May Day “celebrated” by printing money

BY A CORRESPONDENT
HARARE - The state-run media's coverage of how Zimbabwe "celebrated" workers' May Day was marked by farcical praise of the Zanu (PF)-supporting labour union body, downplaying the trival Zimbabwe Congress of Trade Unions (ZCTU) and, as usual, failing to blame massive unemploymen

t on the authorities.
Perhaps the most telling moment was an interview featuring Economic Development Minister Rugare Gumbo on ZTV’s Face the Nation in which he announced that the authorities would “print money” to fund pay hikes for state employees. “What did you want us to do?” Gumbo said.
Indeed. “It (ZTV) did not query the economic prudence of the move or how the poor performing private sector was then expected to pay their workers ‘decent’ wages when they had no similar access to money printing machines,” commented the media watchdog, the Media Monitoring Project Zimbabwe (MMPZ), in its report covering May 1-7.
“Neither did ZBH interpret the agricultural chaos as symptomatic of the authorities’ chaotic land reforms or show curiosity at revelations by Zimbabwe Commercial Farmers’ Union president Davison Mugabe that tobacco output had dropped from 230 million tonnes in 1999 to a mere 16 million tonnes in the last season,” added MMPZ.

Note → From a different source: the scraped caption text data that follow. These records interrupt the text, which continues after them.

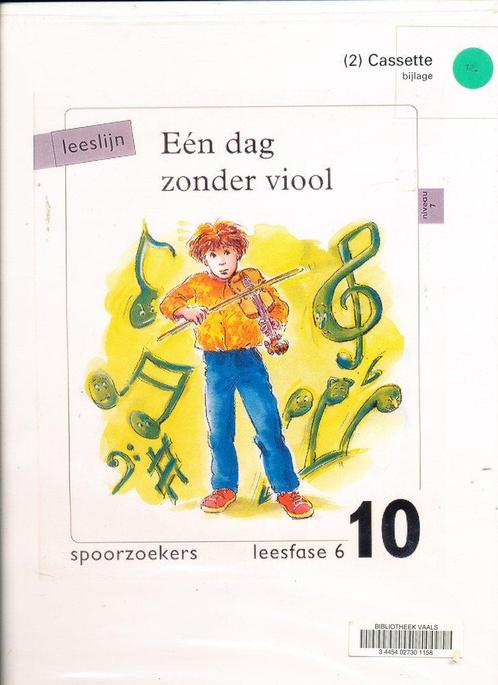 Leeslijn versie 1 Meeleescassette Spoorzoekers leesfase 6 dl, Boeken, Schoolboeken, Verzenden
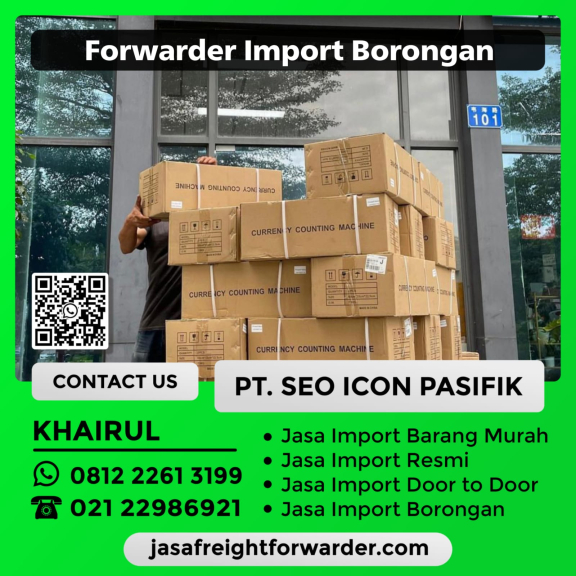 Jasa Import Via Udara Dari Korea | Forwarder Import Korea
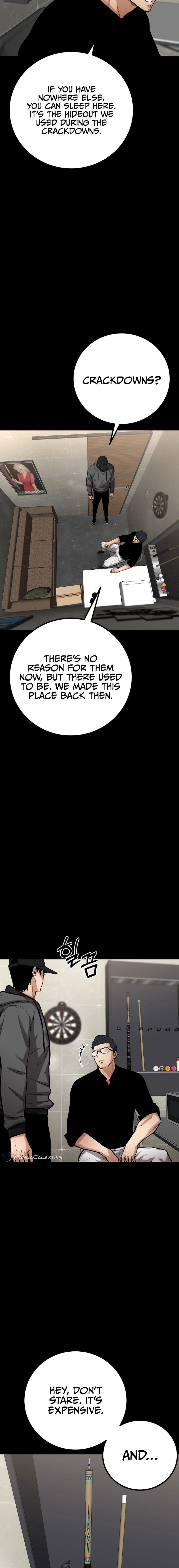 Blade of Retribution Chapter 12 Page 8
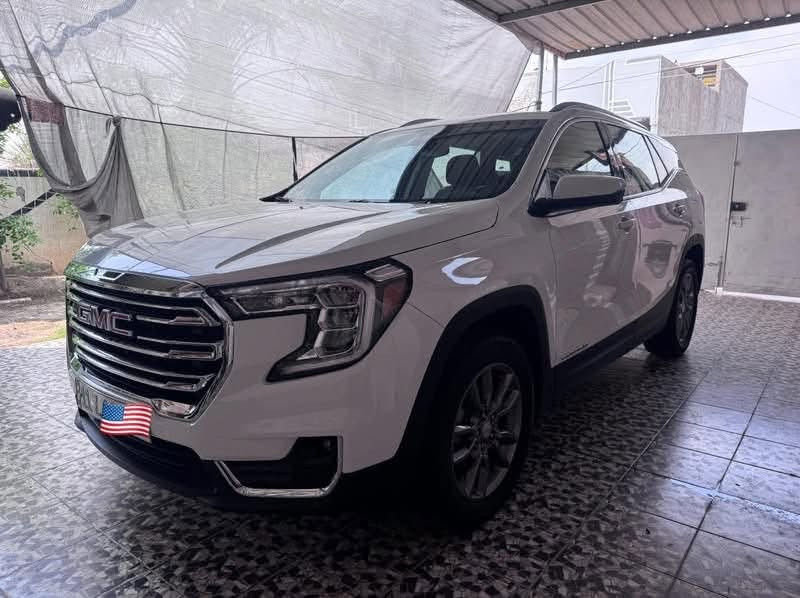 السلام عليكم
للبيع GMC TERRAIN SLT AWD 2024 

السعر 200$

فول مواصفات عدا الفتحه 

ضرر السياره : قطعه وحده صبغ (( صندوق )) 

اللوحه : رقم بغداد حره تحويل ثاني يوم 

للاستفسار: اتصل بالهاتف          *********** //.  ***********
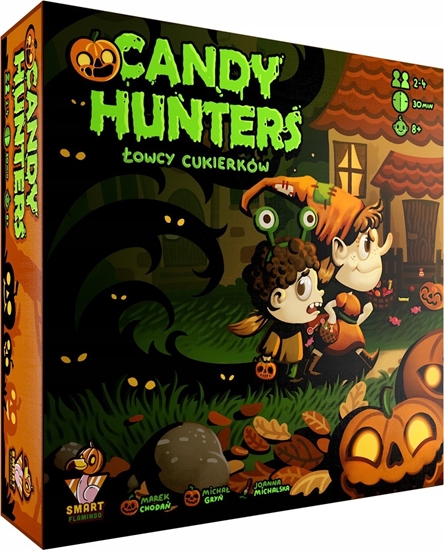 Изображение Smart Flamingo Candy Hunters: £owcy cukierków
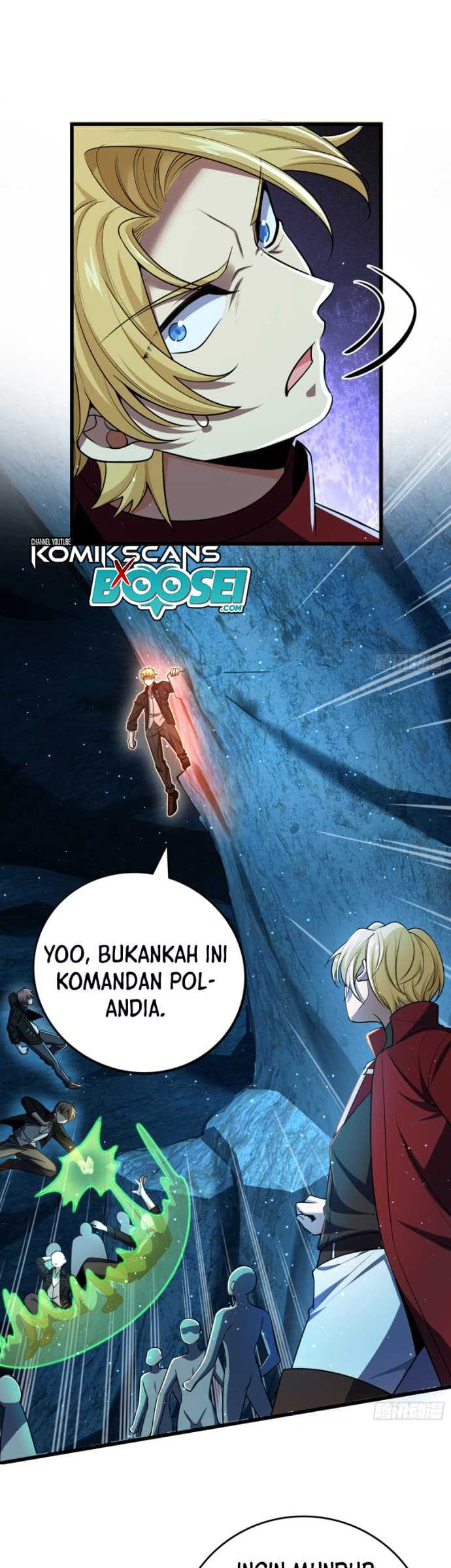 Spare Me Great Lord Chapter 194 Halaman 7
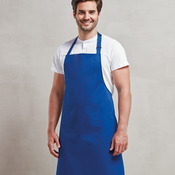 Bib Apron with Pocket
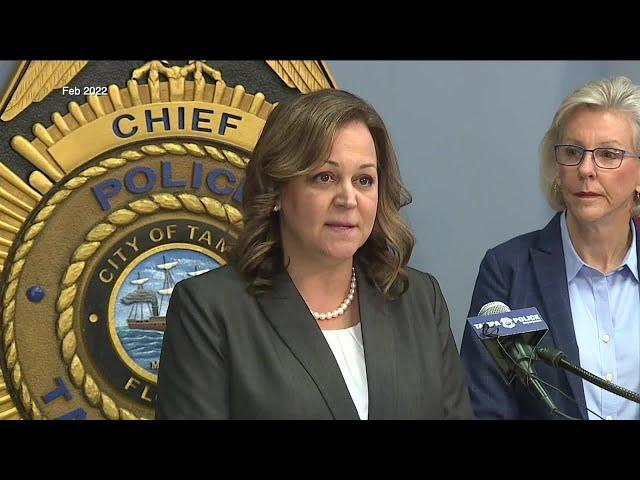 Controversy surrounds incoming Tampa Police Chief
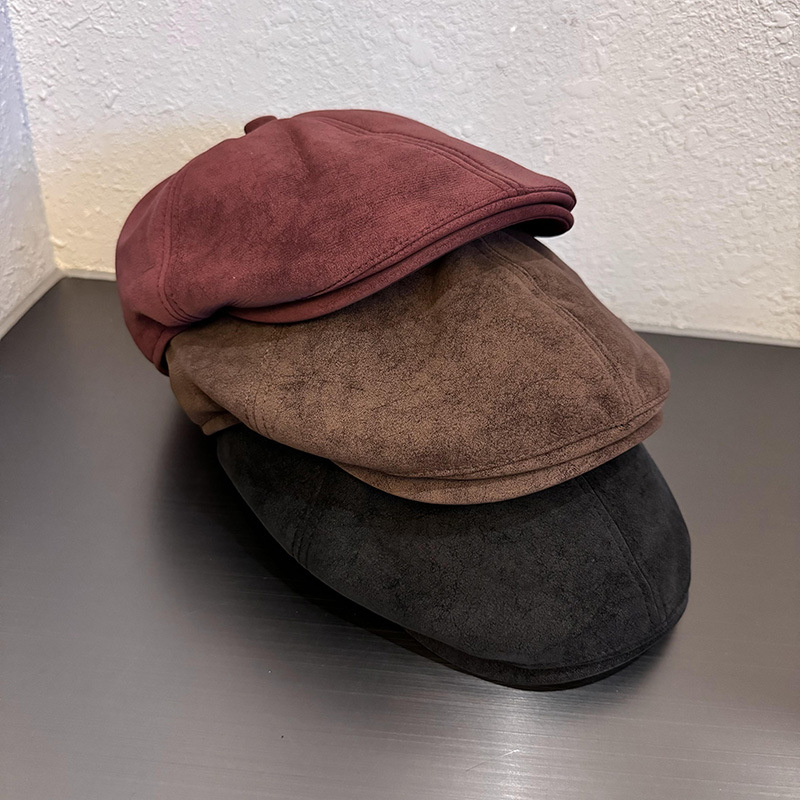 Boina de Camurça Retrô Americana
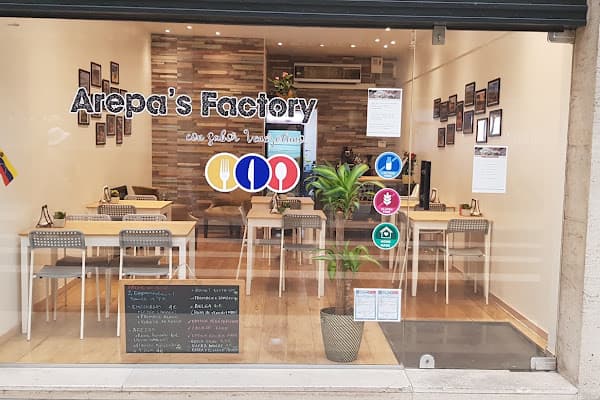 Arepa's Factory — gluten-free restaurant in Brussels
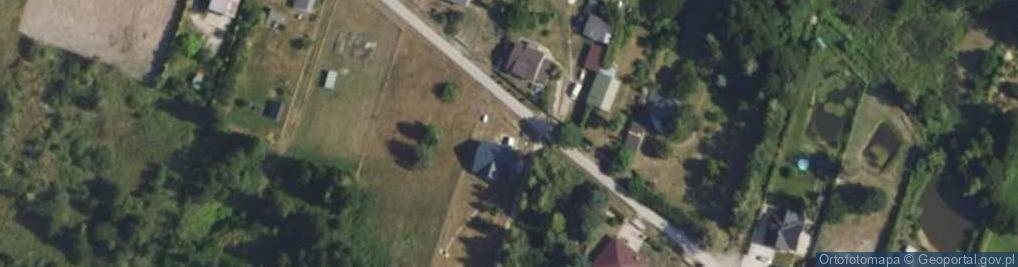 Zdjęcie satelitarne Akacjowa ul.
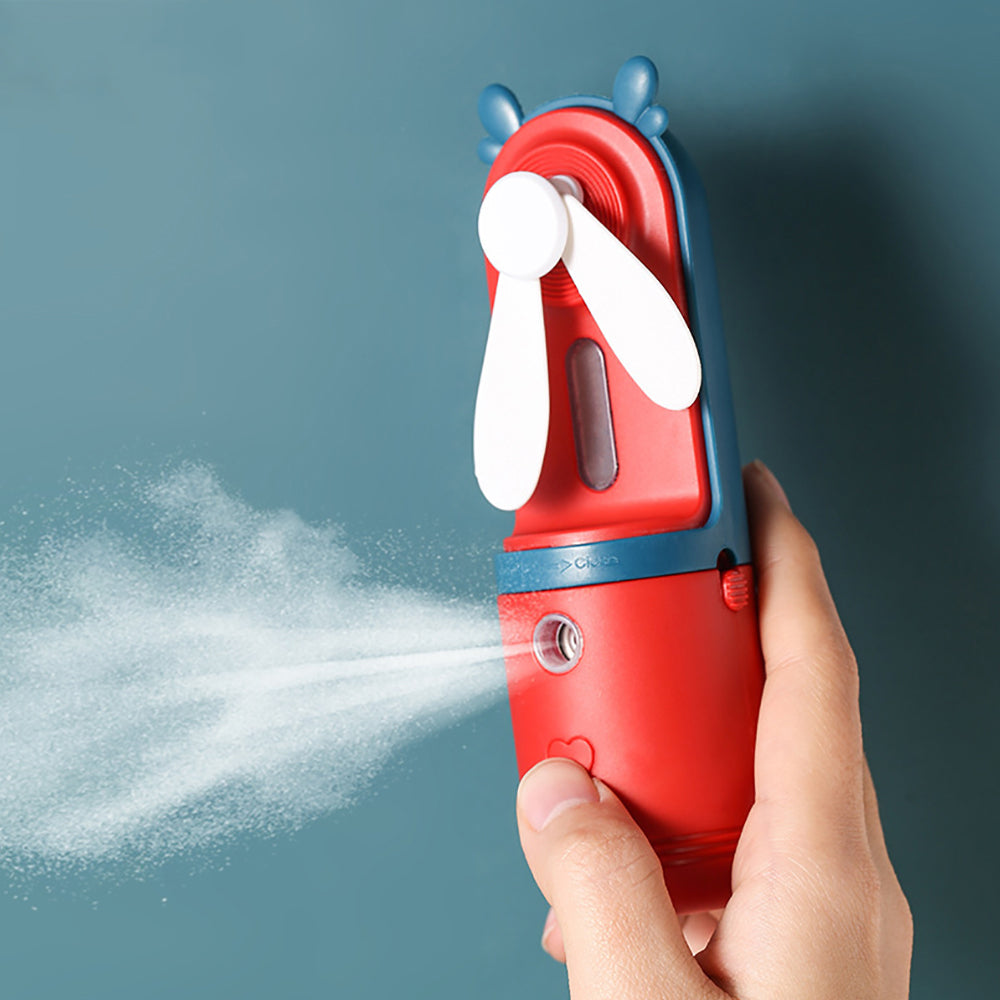 Portable Mini Travel Air Cooler Fan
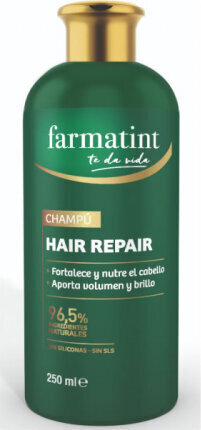 Farmatint Hair Repair Shampoo 250ml цена и информация | Šampūni | 220.lv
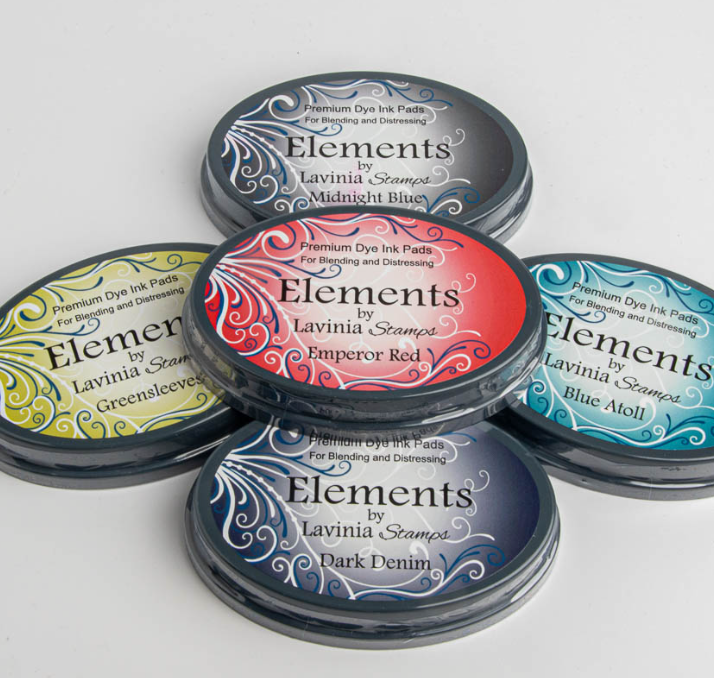 Lavinia Stamps - Elements Premium Dye Ink - Blue Lagoon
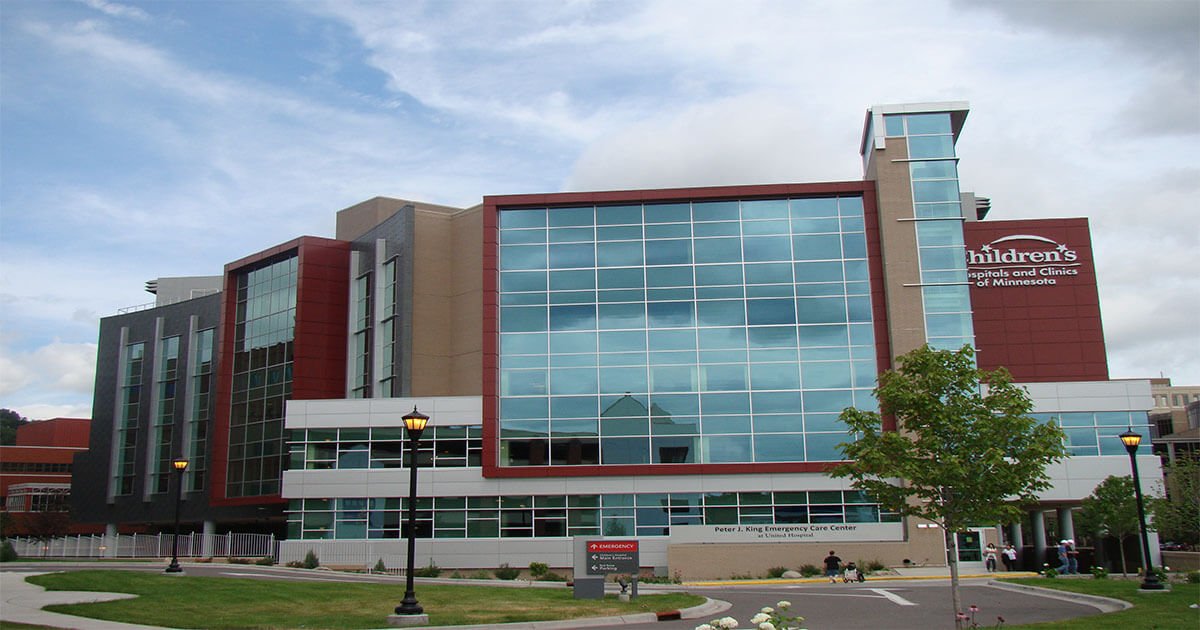 United Hospital of St. Paul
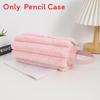 Japanese Plush Pencil Case With Large Capacity For Girls And Students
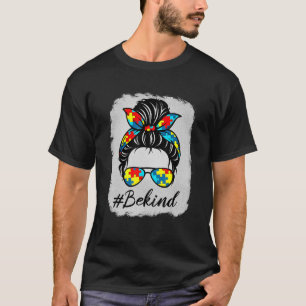 Camiseta El mes de la conciencia del autismo El Chica de Bu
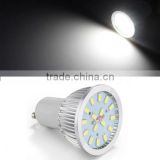 GU10 SMD 5630 16 LED White Super Bright Home Light Lamp Bulb 6W Energy Saving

The regime’s ally, the Zimbabwe Federation of Trade Unions (ZFTU), was portrayed in the state media, along of course with the authorities themselves, as committed to alleviating the workers’ distress. There was no mention of hyperinflation, fuelled by money-printing, collapsing agriculture and all the rest that have led to Zimbabwe beng ranked recently by the US magazine Foreign Policy as 5th among “failed states.” Zimbabwe had moved up 10 places, but is still behind – though working on it – Sudan, the Democratic Republic of the Congo, Ivory Coast and Iraq.
Apart from, as usual, the Mirror group, the private media in its May Day coverage mostly traced the economic decline and deterioration in the living conditions of the minority with jobs to poor policies. “They also highlighted how these poor policies had led to acute shortages, accelerated militarisation of the economy and a bad international image of the country,” said the media monitors.
In the Zimbabwe Independent, for example, the Muckraker columnist pointed out that the private sector could hardly heed exhortations from the ZFTU to follow the regime’s pay hikes for the simple reason that commercial firms don’t have their own money-printing machines.
Highly critical remarks by US Ambassador Christopher Dell about Zimbabwe’s poor human rights record and muzzling of free speech naturally got short shrift in the state media. But privately owned Standard carried the full text of Dell’s remarks to students at the National University of Science and Technology in Bulawayo. The Financial Gazette and other private media also gave it coverage.
“Typically, the government media either censored his statement or carried articles that dismissed outright his observations,” said MMPZ.
The dreadful human cost of Zimbabwe’s woes was reflected in figures of malnutrition-related deaths in January released by the Bulawayo city health authorities: 34 adults and 29 children.